Exercise brief
What you write must match the records exactly, except for the images, which are left out.

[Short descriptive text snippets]

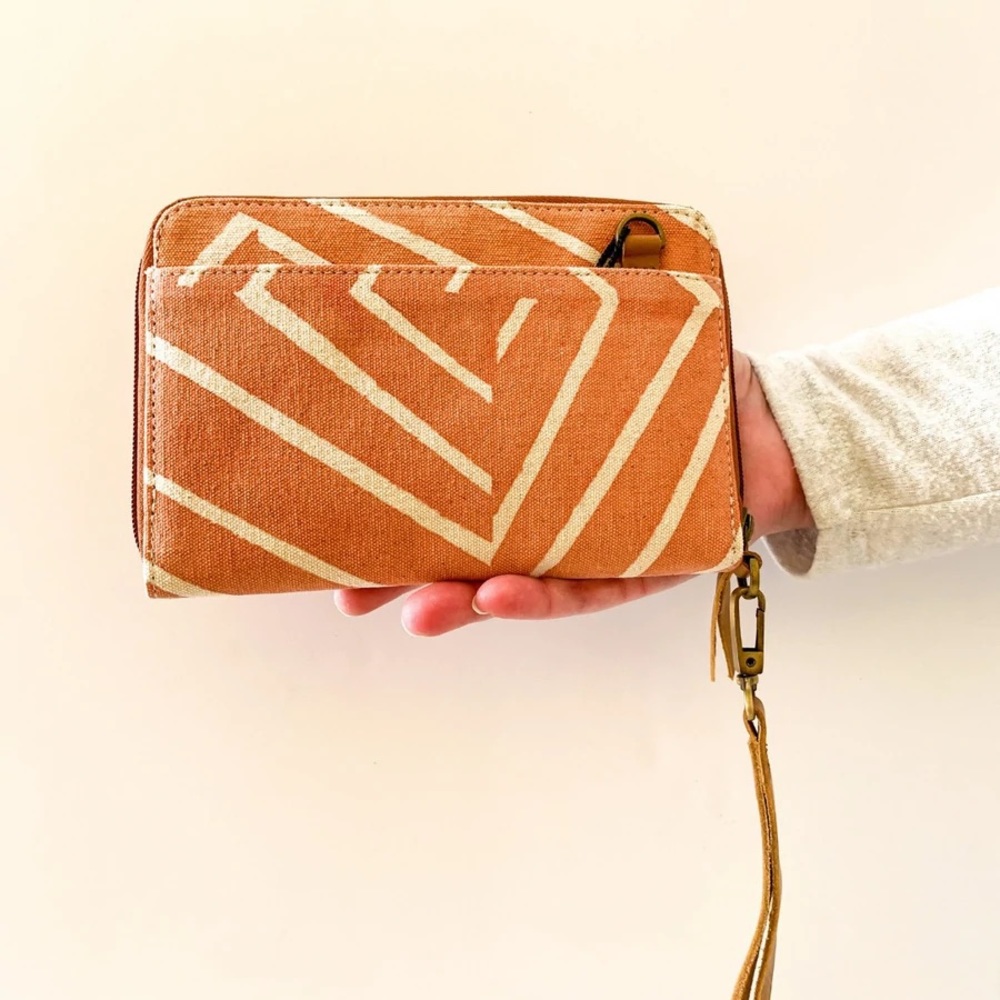 NWT Wallet - Crossbody Wallet with detachable strap. Fabric and leather.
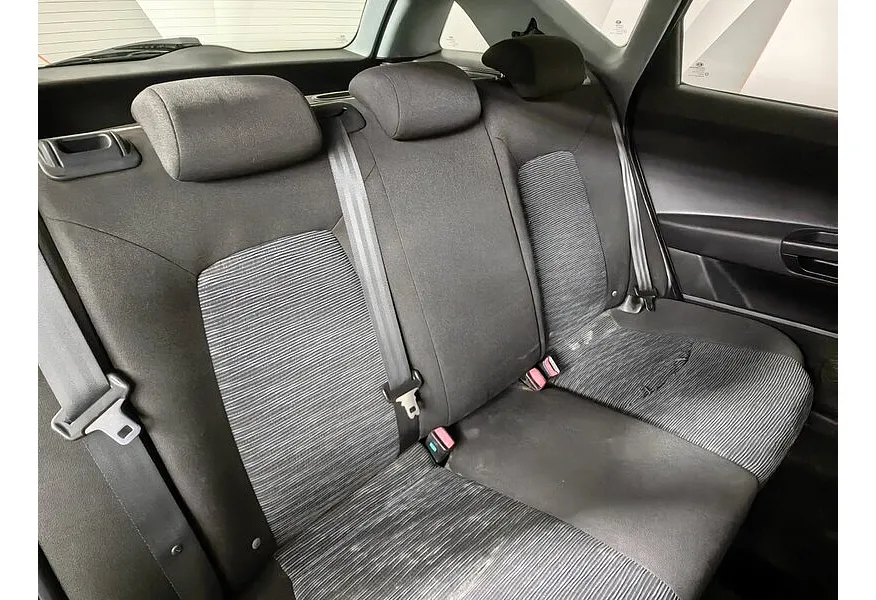 Kia Ceed 1.6 CRDi AT (115 л.с.) Синий в АВИЛОН. Слайд №14 Kia Ceed 1.6 CRDi AT (115 л.с.) Синий в АВИЛОН. Слайд №14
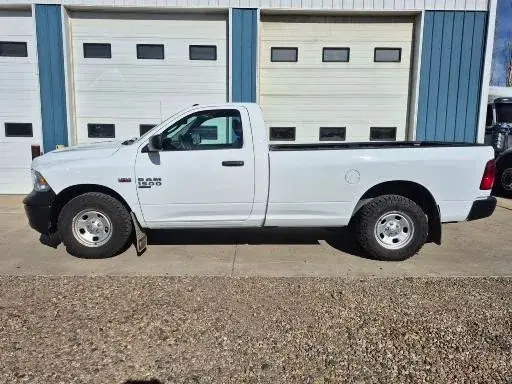 Ram 1500 Classic 2021 photo 2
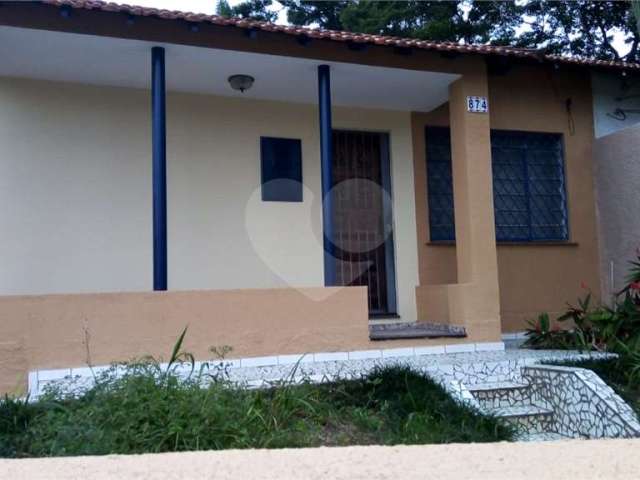 Casa térrea com 3 quartos à venda em Instituto De Previdência - SP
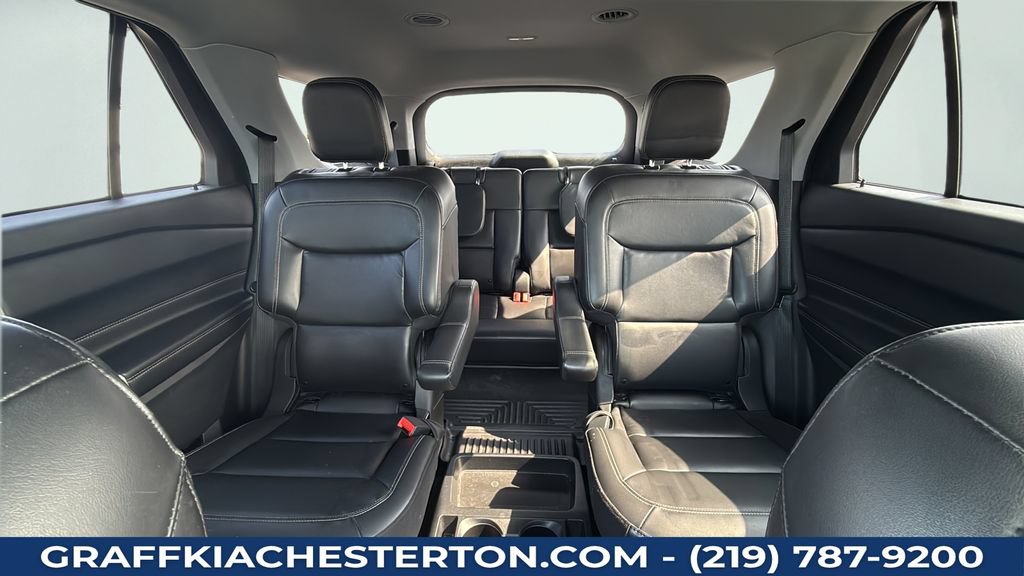 Used 2021 Ford Explorer XLT w/ Equipment Group 202A AWD/4WD image 31
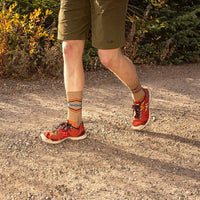 Model hoda po trailu u Injinji Trail Midweight Crew Grain carapama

Answer box
 NWT Wallet - Crossbody Wallet with detachable strap. Fabric and leather.
 Kia Ceed 1.6 CRDi AT (115 л.с.) Синий в АВИЛОН. Слайд №14 Kia Ceed 1.6 CRDi AT (115 л.с.) Синий в АВИЛОН. Слайд №14
 Ram 1500 Classic 2021 photo 2
 Casa térrea com 3 quartos à venda em Instituto De Previdência - SP
 Used 2021 Ford Explorer XLT w/ Equipment Group 202A AWD/4WD image 31
 Model hoda po trailu u Injinji Trail Midweight Crew Grain carapama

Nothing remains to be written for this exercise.